--- Problem details ---
Where a picture occurs in the data, omit it, and copy all remaining data exactly.

--- Input data ---
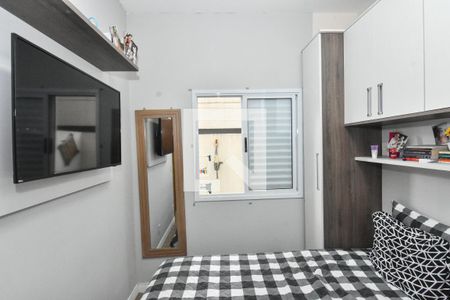 Apartamento para alugar com 67m², 2 quartos e 1 vagaQuarto 2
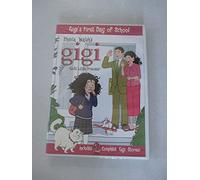 Gigi S First Day of School [Alemania] [DVD]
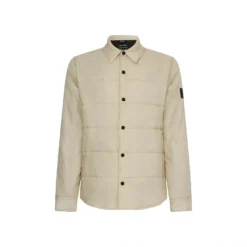 Calvin Klein Nylon Crinkle Jacket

--- Written solution ---
 Apartamento para alugar com 67m², 2 quartos e 1 vagaQuarto 2
 Gigi S First Day of School [Alemania] [DVD]
 Calvin Klein Nylon Crinkle Jacket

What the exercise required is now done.